最初私は、これは、男の子になりたい女の子と、女の子になりたい男の子の物語だと思っていた。
けれど、そうではなかった。
女であることが嫌な女の子と、女になりたくなった男の子の物語なのである。
重要なのは、「女であること」への拘りだ。
「女らしくあること」「可愛くあること」に対する拒否感が、高槻よしのを「男になりたい」と思わせた。
しかしそれは、(男への)憧れではなく、(女への)反発である。
彼女は次第に女である自分の性に馴染み、折り合いを付けていく。
一方、二鳥修一は、「女らしくあること」「可愛くあること」に憧れを持ち、それを最後まで捨てられない。
女であることこそが特殊な意味を持つ。
私たちの社会は、そういう社会である。
しかし同時に、男っぽい女であっても、大きな支障は無い。
だが、女っぽい男は、未だ特殊に見られる。
「女らしくあること」「可愛くあること」が特殊な意味を持つ社会だからだ。
人から鑑賞され、容姿を磨けば報われる。
高槻よしのの反発は、そういう社会への反発でもあったと思う。
そういう社会を嫌悪したところから、彼女の物語は始まっている。
そして、彼女がそのルールから外れても支障が無い事を学び、そのルールへの嫌悪が消えるにつれ、彼女が社会に馴染んでいくのは時間の問題でしかなかった。
そして一方、二鳥修一は、鑑賞される側の快感と、鑑賞する側の快感、両方を持つ。
彼の物語は、快感から始まったから、快感を諦めることができないのだ。
私は最初に「この終わり方でいいのか」と書いた。
しかし、この終わり方を本当に残念と思っているわけではない。
物語が進むにつれ、二鳥修一の物語にハッピーエンドを用意することの難しさは、強く意識していた。

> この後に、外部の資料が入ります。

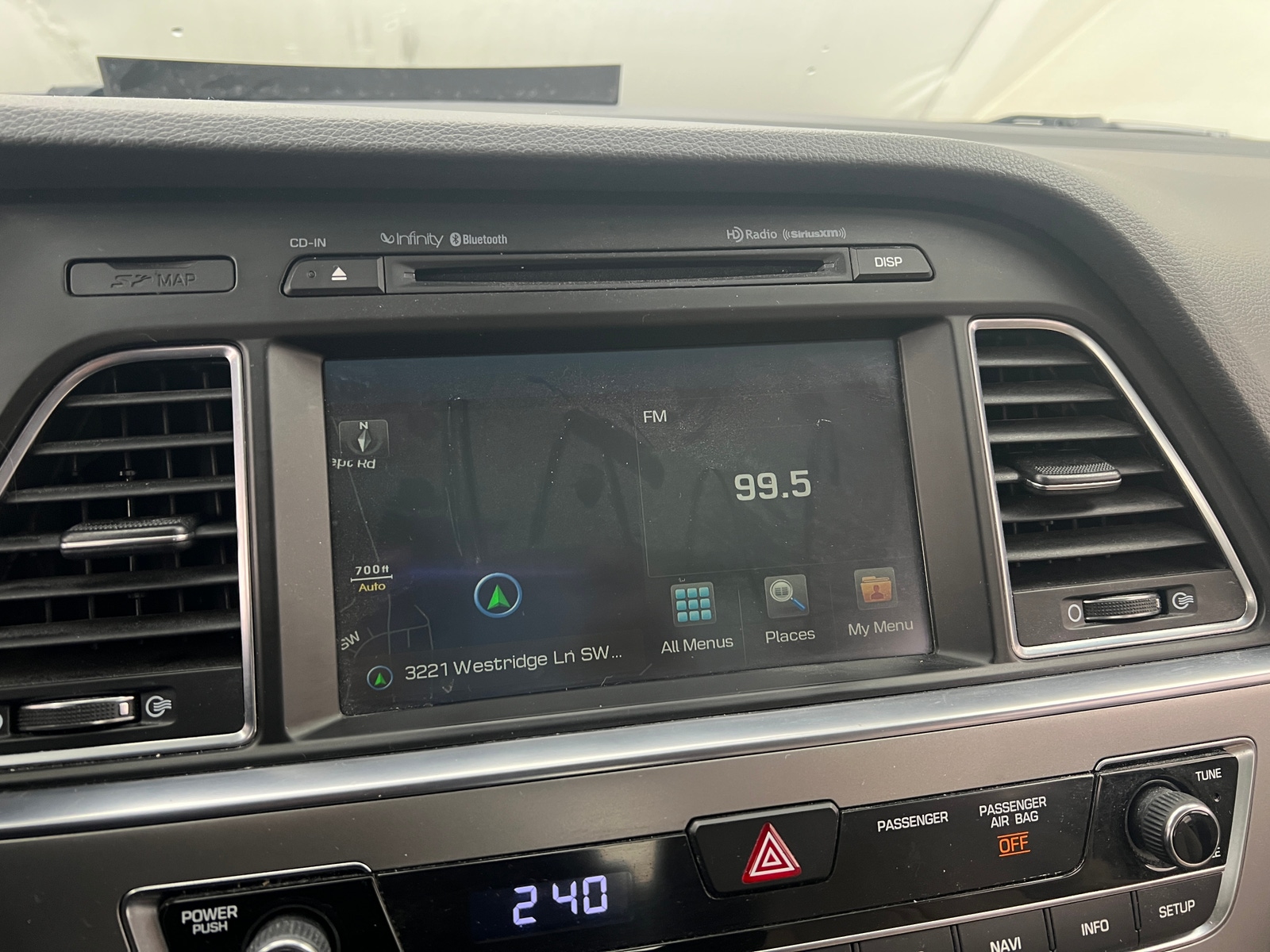 Thumbnail: 2016 Hyundai Sonata - 4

だから、ハッピーエンドではない終わり方を、少しでも先延ばしにしてほしかった。
だから、この終わり方は、まだ少し残念ではあるものの、決して悪い終わり方ではない。
むしろ、アンハッピーエンドを回避していることを有難いと思う。
物語の限界を、志村はきちんと悟っているのだ。
二鳥修一は、周囲に素晴らしい友を多数得ている。
そのことに強く感謝したいと、私は思う。